Dr Puthalakath explains what happens:
‘ER stress can be provoked by a variety of patho-physiological conditions including ischaemia and viral infection, as well as mutations that impair the proteinfolding function in cells. This response can involve activation of repair processes, so that the cell survives, by reducing the load of unfolded proteins in the cell – but when ER stress is overwhelming, the cells undergo apoptosis.

‘Our new study has defined the molecular mechanisms of ER - stressinduced apoptosis. This is important because abnormal ER stress and consequent premature apoptosis has been implicated in a range of diseases.’ The research team found specifically that ER stress induced by cytotoxic drugs or mis-folded proteins activated the gene for BI M, and increased BI M protein levels in diverse cell types, which triggered apoptosis.

‘People in the field have thought that other proteins, such as caspase 12, were directly responsible, but we’ve now shown clearly and unequivocally that the protein involved in many tissue types such as kidney epithelial cells, macrophages and thymocytes, is BIM,’ Dr Puthalakath says.

He and his colleagues hope their work will lead to the design of new drugs and therapies.
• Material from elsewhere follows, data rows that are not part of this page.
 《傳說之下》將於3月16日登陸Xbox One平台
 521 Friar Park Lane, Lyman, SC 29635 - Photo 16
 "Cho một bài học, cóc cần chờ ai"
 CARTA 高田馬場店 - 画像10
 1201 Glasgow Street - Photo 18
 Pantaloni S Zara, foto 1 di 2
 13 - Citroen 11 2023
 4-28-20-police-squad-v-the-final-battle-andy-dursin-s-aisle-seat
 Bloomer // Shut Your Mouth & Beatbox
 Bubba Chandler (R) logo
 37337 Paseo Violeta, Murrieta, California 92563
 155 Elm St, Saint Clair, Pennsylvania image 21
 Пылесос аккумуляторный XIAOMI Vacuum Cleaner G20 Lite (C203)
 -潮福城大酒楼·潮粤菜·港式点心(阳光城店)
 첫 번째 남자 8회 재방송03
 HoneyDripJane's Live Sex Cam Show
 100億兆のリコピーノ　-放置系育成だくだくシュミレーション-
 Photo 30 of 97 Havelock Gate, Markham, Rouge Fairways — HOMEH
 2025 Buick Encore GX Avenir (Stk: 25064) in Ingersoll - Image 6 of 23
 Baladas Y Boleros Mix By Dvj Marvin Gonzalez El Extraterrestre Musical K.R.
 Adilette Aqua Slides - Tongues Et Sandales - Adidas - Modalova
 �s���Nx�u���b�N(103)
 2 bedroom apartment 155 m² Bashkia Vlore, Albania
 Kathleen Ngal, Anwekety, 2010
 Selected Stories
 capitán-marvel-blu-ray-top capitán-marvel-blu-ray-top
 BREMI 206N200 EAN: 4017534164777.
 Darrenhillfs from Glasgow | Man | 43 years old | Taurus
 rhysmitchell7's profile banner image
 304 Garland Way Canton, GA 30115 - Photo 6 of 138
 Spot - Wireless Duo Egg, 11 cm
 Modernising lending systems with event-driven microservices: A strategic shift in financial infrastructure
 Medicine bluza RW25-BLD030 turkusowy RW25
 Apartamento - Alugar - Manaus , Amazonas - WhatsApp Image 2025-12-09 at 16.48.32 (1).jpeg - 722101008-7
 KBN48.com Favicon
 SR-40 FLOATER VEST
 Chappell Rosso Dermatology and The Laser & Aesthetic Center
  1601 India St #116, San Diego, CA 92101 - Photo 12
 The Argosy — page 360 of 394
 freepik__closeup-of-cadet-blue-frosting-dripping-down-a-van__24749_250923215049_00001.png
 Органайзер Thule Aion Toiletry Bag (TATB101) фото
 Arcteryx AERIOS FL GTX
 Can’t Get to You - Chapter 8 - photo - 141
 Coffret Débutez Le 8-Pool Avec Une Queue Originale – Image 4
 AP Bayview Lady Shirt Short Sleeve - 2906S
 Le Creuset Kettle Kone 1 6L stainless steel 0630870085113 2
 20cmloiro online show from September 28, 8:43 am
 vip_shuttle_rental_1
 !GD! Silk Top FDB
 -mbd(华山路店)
‘The results may assist in developing improved therapies for many ER-related disease including cystic fibrosis, cirrhosis of the liver, and type 2 diabetes,’ he says. Dr Puthalakath and his team aim to continue their research into the link between ER stress-induced apoptosis and human immune response, to see if the same mechanisms are used by the immune system when it destroys potentially self-reactive lymphocytes that could otherwise cause autoimmune diseases such as rheumatoid arthritis and systemic lupus erythematosus.

Their work is closely integrated at La Trobe with other major studies by Professor Vaux, whose pioneering work on the molecular mechanisms of apoptosis in the 1980s helped establish the field of cell death research. In the last 12 months, more than 15,000 scientific publications have mentioned apoptosis. Since moving to La Trobe in 2006, Professor Vaux has worked closely with Professor Nick Hoogenraad, Head of the School of Molecular Sciences, building a critical mass of scientists providing world-class research in this highly competitive field.